= Beginning of Section =

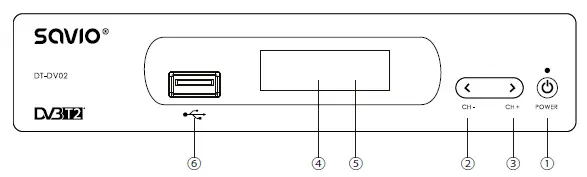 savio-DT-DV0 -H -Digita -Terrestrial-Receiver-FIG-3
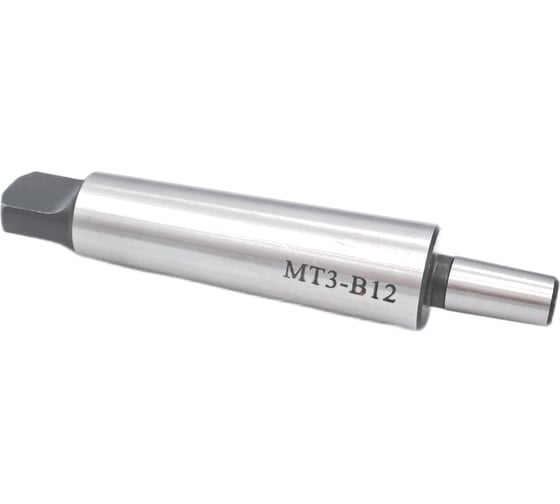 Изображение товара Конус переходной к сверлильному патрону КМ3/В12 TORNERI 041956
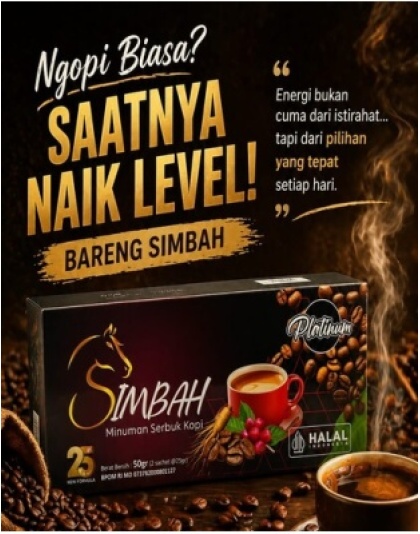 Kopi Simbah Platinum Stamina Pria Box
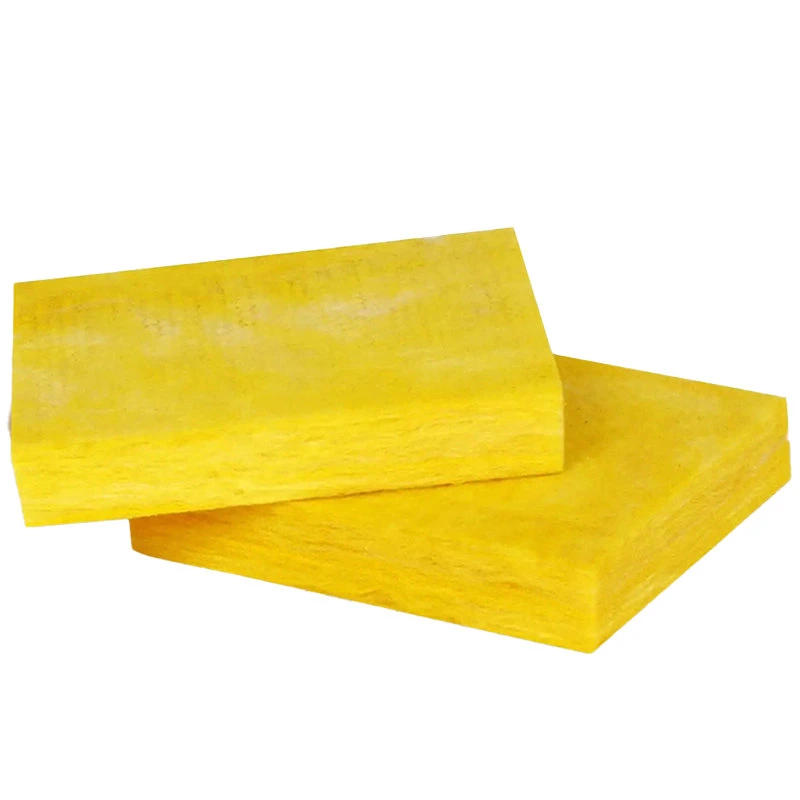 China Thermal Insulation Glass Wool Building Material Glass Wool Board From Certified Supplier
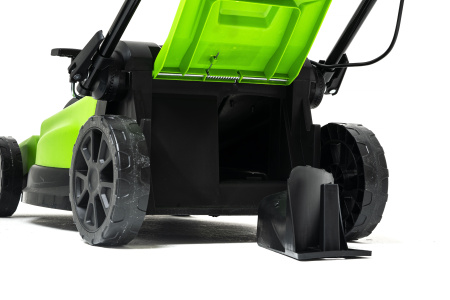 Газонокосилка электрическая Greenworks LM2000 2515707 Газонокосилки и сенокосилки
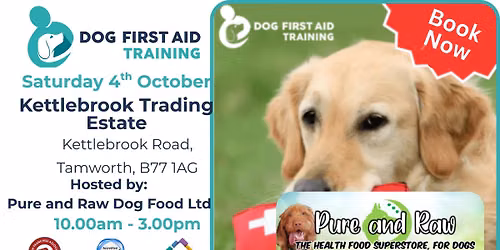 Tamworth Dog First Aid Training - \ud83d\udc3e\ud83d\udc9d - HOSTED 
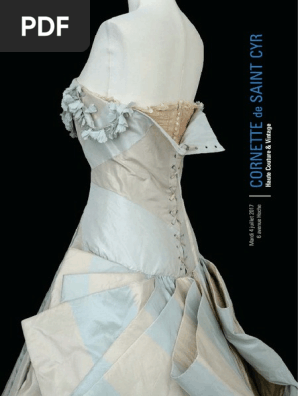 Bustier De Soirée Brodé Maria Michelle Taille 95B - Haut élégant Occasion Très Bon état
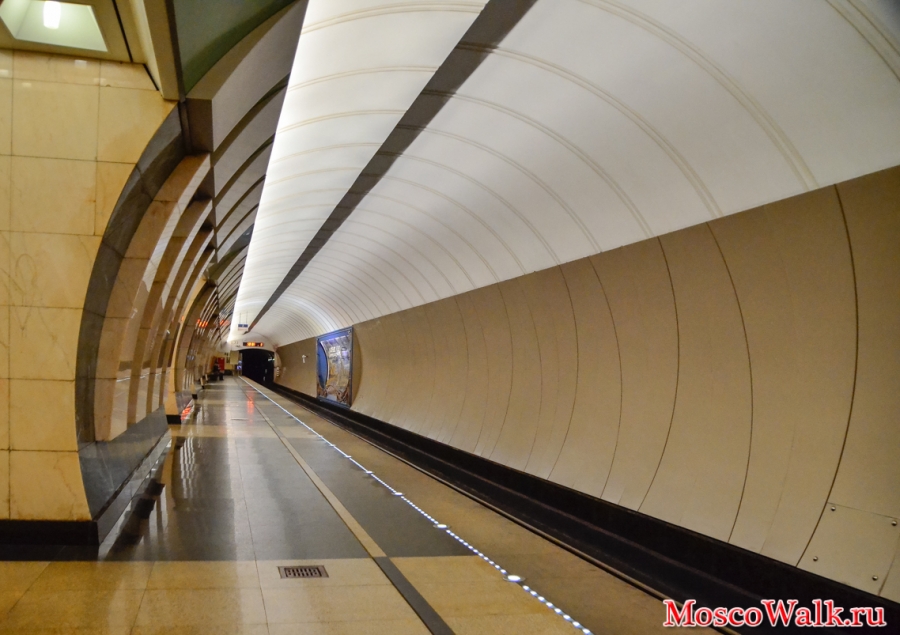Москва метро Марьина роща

= End of Section =

Task details
Leave out the images and copy every record above exactly.

Expected output
 savio-DT-DV0 -H -Digita -Terrestrial-Receiver-FIG-3
 Изображение товара Конус переходной к сверлильному патрону КМ3/В12 TORNERI 041956
 Kopi Simbah Platinum Stamina Pria Box
 China Thermal Insulation Glass Wool Building Material Glass Wool Board From Certified Supplier
 Газонокосилка электрическая Greenworks LM2000 2515707 Газонокосилки и сенокосилки
 Tamworth Dog First Aid Training - \ud83d\udc3e\ud83d\udc9d - HOSTED 
 Bustier De Soirée Brodé Maria Michelle Taille 95B - Haut élégant Occasion Très Bon état
Москва метро Марьина роща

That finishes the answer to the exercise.